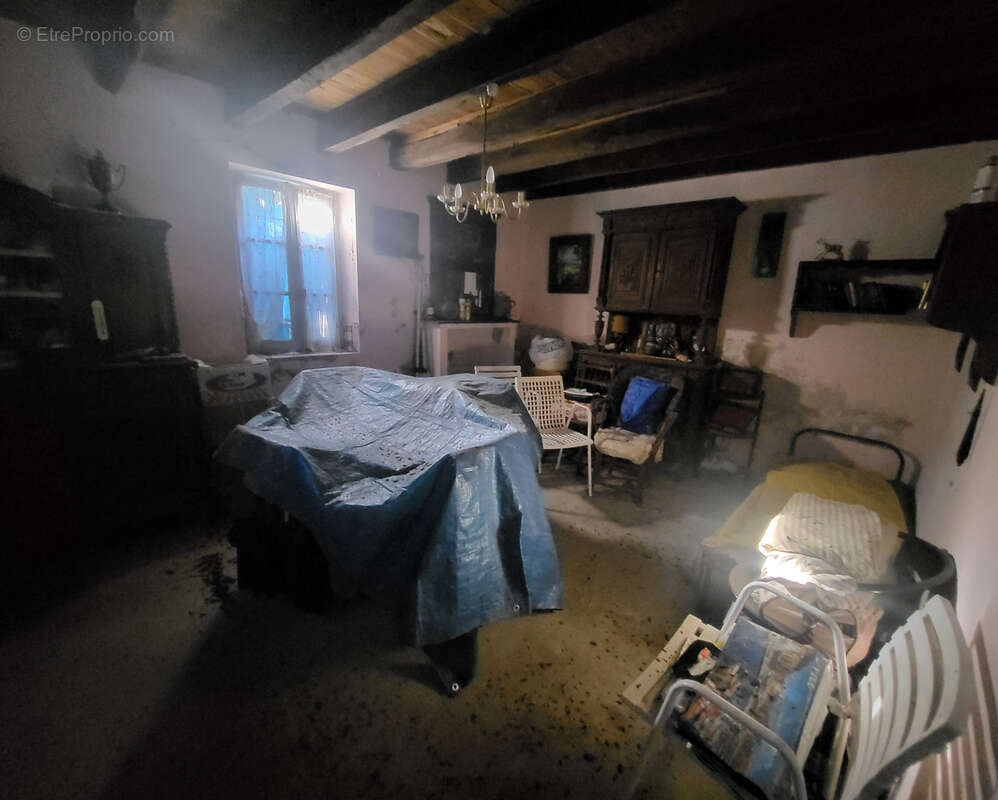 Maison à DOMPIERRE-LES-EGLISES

+ + + + + + +

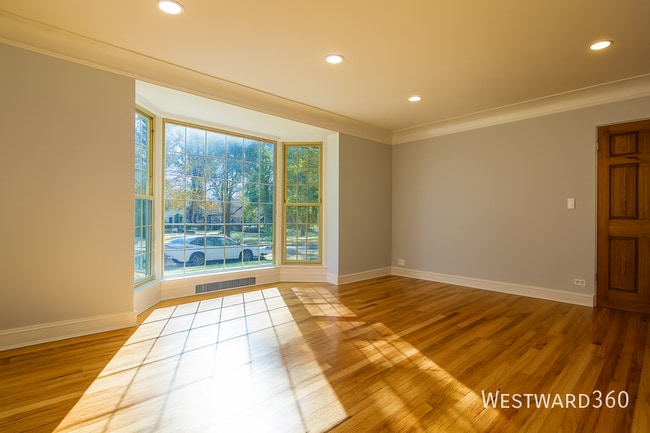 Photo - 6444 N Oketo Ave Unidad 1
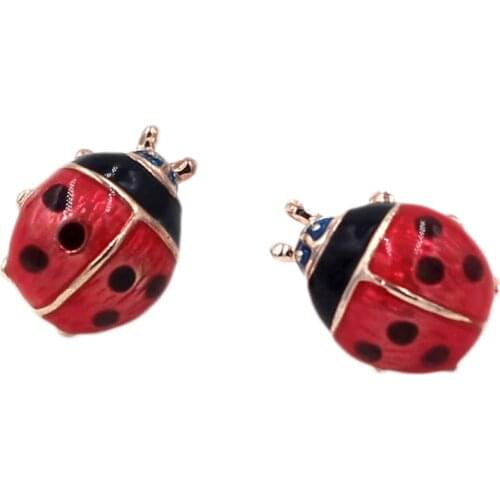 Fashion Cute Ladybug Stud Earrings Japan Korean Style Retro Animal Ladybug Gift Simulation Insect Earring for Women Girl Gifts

+ + + + + + +

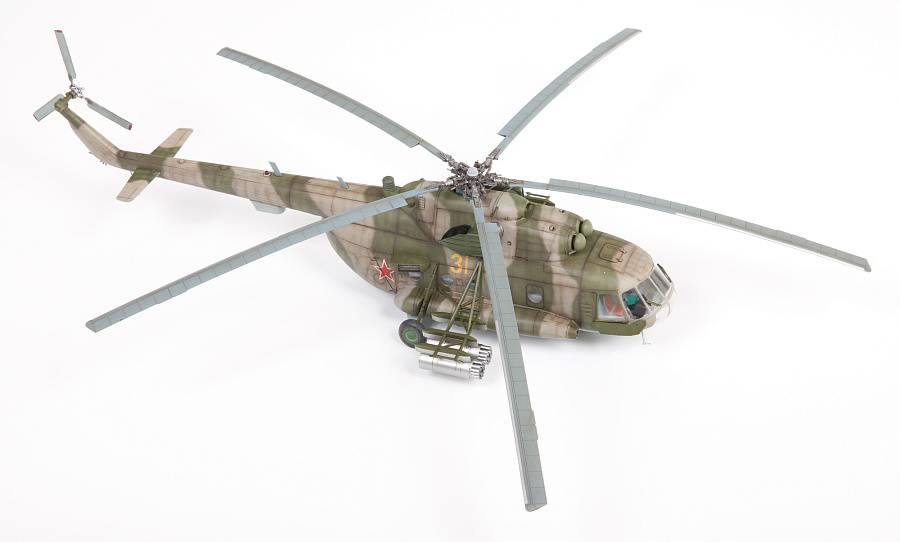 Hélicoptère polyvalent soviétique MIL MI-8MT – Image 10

+ + + + + + +

## [Description of the task]
Repeat only the stretch of data above that runs from the line with "Photo - 6444 N Oketo Ave Unidad 1" to the line with "Fashion Cute Ladybug". Keep both end lines; exclude pictures.

## [Task answer]
 Photo - 6444 N Oketo Ave Unidad 1
 Fashion Cute Ladybug Stud Earrings Japan Korean Style Retro Animal Ladybug Gift Simulation Insect Earring for Women Girl Gifts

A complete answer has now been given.